# new to beer kits



## uavwmn (Mar 24, 2008)

I may be interested in the "No Boil" beer kits. I have been told that the boiling process is smelly and messy. haha


Any suggestions on a "1st" beer kit for a beginner?
Thanks in advance~


----------



## masta (Mar 24, 2008)

The RJS Spagnols Brew House kits would be a great no-boil kit to start with and then you need to decide which one make based on what type of beer you like.


I have my first one in progress but after reading and studying on the info from RJS and feedback from others who have made these I know I will be pleased.


----------



## uavwmn (Mar 24, 2008)

Masta, as always, thank you for the quick answer.
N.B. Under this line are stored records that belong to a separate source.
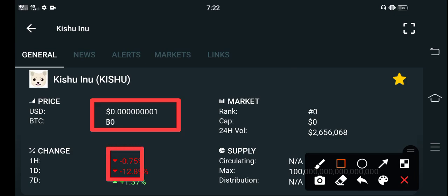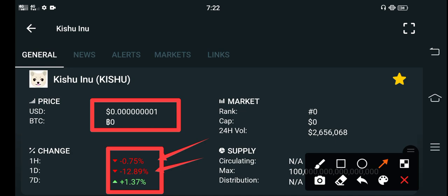On the other side, if we talk about the price chain is open for Kishu Inu, you can see here that the last one day chain is up. The coin is going negative, I mean going down, so a lot of people lose hope.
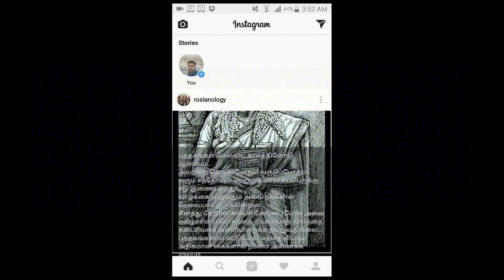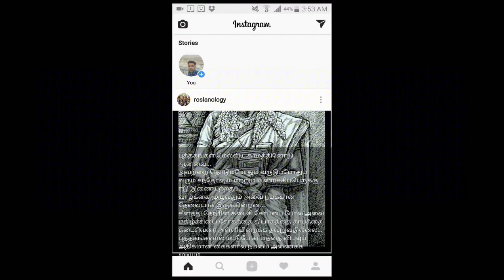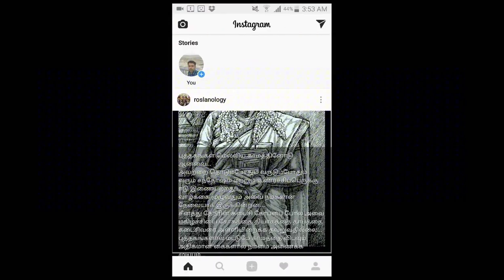If you have an Instagram account, sign in with your username and password. After that, tap on your profile picture to go to the camera. Alternatively, there is an icon on the top left — you can tap on that. You can enter both ways to go to the camera, but I will use my profile picture.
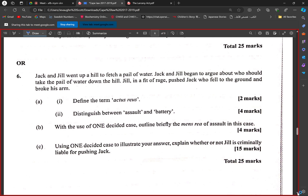The mens rea of assault — which case would be used? We can use R v Savage for that. We could also use R v Mohan and R v Whitehouse as well.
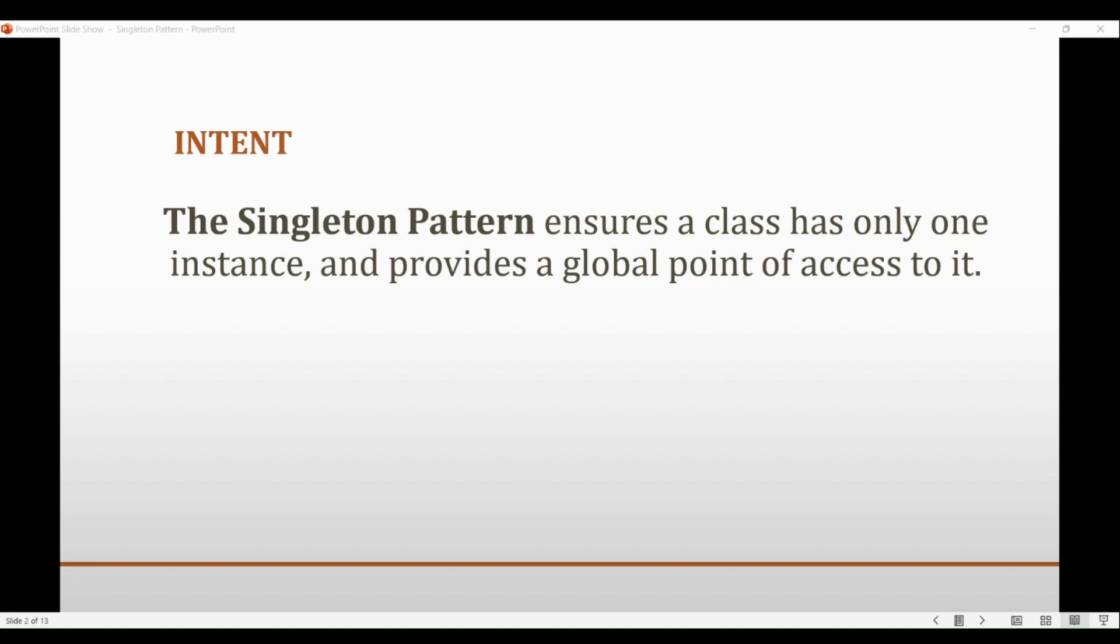So the big question before the creators of this pattern was: how can we ensure that a class has only one instance and that instance is easily accessible as well? A global variable makes an object accessible but it doesn't keep you from instantiating multiple objects.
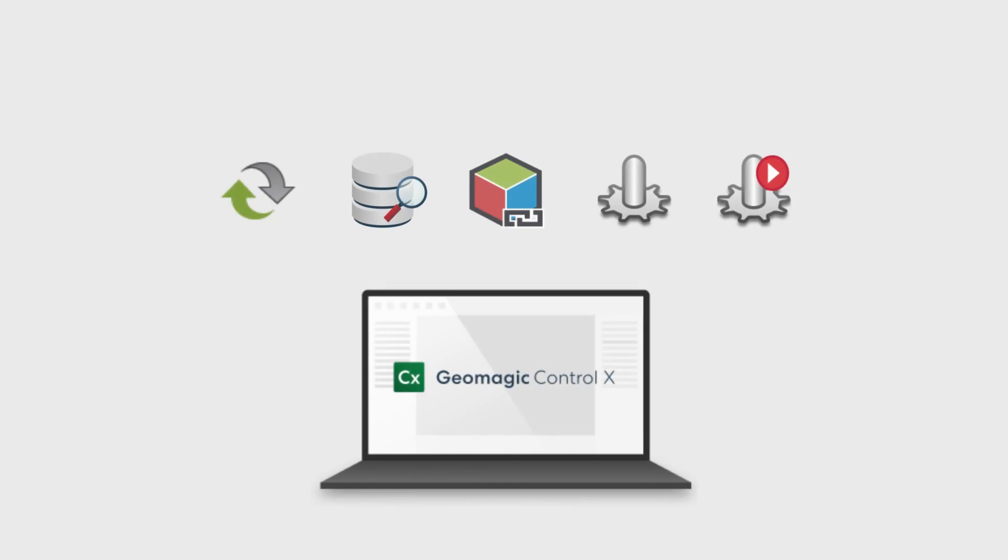The concept of automation is present in many forms within Geomagic Control X, depending on the needs of the user. Automation can be as simple as re-running the same program on multiple scans of similar parts for repeated inspection.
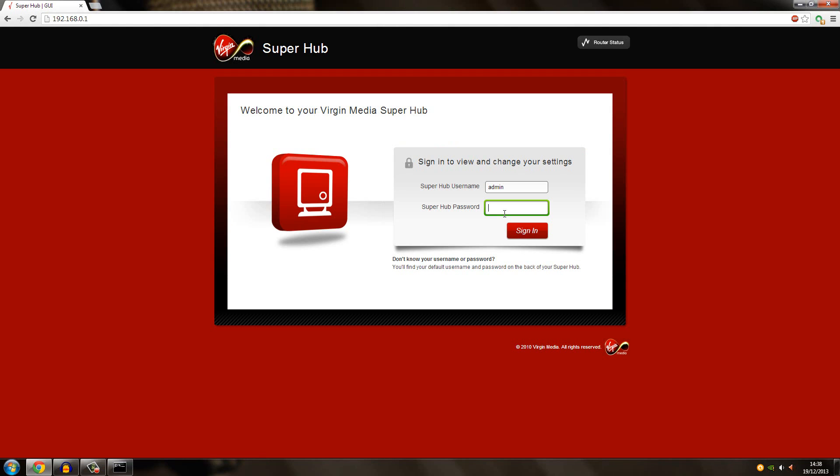But if you're not sure, I suggest you find it on the back of your router - it should say your login details. If there isn't, you'll probably find it on Google by typing in your model of router and then login details.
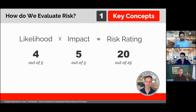For example, if a risk is very likely to occur with a likelihood rating of four out of five and has an extreme impact of five out of five, then the risk would have a relatively high rating or score of 20 out of a possible 25.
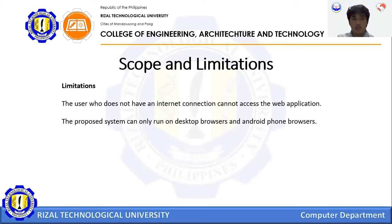Limitations: Users who do not have an internet connection cannot access the web application. The proposed system can only run on desktop browsers and Android phone browsers.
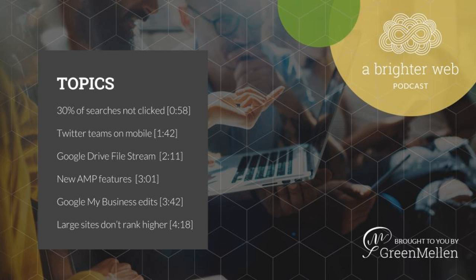I suspect over time this will get worse as Google gets better and better with their knowledge box results and other rich cards, but we'll see how it goes. Things are increasingly pointing toward fewer and fewer organic clicks in the search results and something to keep an eye on as we move forward.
I will definitely take your advice.


Can I use the carboys I have with my wine kit? I will purchase a new primary bucket.


Can I use recycled twist off beer bottles?


And the RJS spagnols kits George carries?


----------



## masta (Mar 24, 2008)

Yes you can usethe same 6 gallon carboy that you use for wine. I strongly suggest getting a 7.9 gallon primary for making these kits because they do make up to 23L/6 gals.


You cannot recap twist off bottles!


George does carry the RJS Brew House kits and here are the links to the kits, tutorial that covers both the Brew House and Brewer's Best kits, and the info on RJ Spagnols site.


http://www.finevinewines.com/ProdBrewHouse.asp


http://www.finevinewines.com/Brew-House-Tutorial.htm


http://www.thebrewhouse.com/


----------



## uavwmn (Mar 24, 2008)

Masta, thanks for all the info, of which I plan to use.


So, I need recycled bottles that are NOT twist top bottles.


The Stout i would like to order has a stock # 2416. It shows "dried elderflowers". This does not seem to look correct.


----------



## smurfe (Mar 24, 2008)

I thought I would throw this out there for others about the bucket for a fermenter butI would advise to always use the 7.9 gallon bucket even for the 5 gallon batches. Some batches get a huge krausen depending on the yeast used. 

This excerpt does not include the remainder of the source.